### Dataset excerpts
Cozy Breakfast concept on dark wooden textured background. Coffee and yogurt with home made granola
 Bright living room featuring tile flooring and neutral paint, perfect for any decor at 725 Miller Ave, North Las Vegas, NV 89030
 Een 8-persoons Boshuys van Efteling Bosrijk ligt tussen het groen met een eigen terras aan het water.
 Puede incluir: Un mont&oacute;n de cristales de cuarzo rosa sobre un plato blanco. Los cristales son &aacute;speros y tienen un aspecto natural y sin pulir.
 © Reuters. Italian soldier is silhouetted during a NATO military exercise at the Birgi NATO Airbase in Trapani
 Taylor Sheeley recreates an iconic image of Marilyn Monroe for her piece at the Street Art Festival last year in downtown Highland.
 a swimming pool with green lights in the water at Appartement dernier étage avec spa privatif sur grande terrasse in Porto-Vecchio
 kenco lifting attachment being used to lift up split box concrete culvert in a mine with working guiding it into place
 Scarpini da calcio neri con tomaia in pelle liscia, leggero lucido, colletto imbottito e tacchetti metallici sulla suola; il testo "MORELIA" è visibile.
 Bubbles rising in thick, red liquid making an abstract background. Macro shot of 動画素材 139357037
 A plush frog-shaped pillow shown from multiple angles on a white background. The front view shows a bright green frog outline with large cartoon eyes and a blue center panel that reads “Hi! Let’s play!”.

### TASK DIRECTIONS
Make sure every record is repeated exactly.

### SOLUTION
Cozy Breakfast concept on dark wooden textured background. Coffee and yogurt with home made granola
 Bright living room featuring tile flooring and neutral paint, perfect for any decor at 725 Miller Ave, North Las Vegas, NV 89030
 Een 8-persoons Boshuys van Efteling Bosrijk ligt tussen het groen met een eigen terras aan het water.
 Puede incluir: Un mont&oacute;n de cristales de cuarzo rosa sobre un plato blanco. Los cristales son &aacute;speros y tienen un aspecto natural y sin pulir.
 © Reuters. Italian soldier is silhouetted during a NATO military exercise at the Birgi NATO Airbase in Trapani
 Taylor Sheeley recreates an iconic image of Marilyn Monroe for her piece at the Street Art Festival last year in downtown Highland.
 a swimming pool with green lights in the water at Appartement dernier étage avec spa privatif sur grande terrasse in Porto-Vecchio
 kenco lifting attachment being used to lift up split box concrete culvert in a mine with working guiding it into place
 Scarpini da calcio neri con tomaia in pelle liscia, leggero lucido, colletto imbottito e tacchetti metallici sulla suola; il testo "MORELIA" è visibile.
 Bubbles rising in thick, red liquid making an abstract background. Macro shot of 動画素材 139357037
 A plush frog-shaped pillow shown from multiple angles on a white background. The front view shows a bright green frog outline with large cartoon eyes and a blue center panel that reads “Hi! Let’s play!”.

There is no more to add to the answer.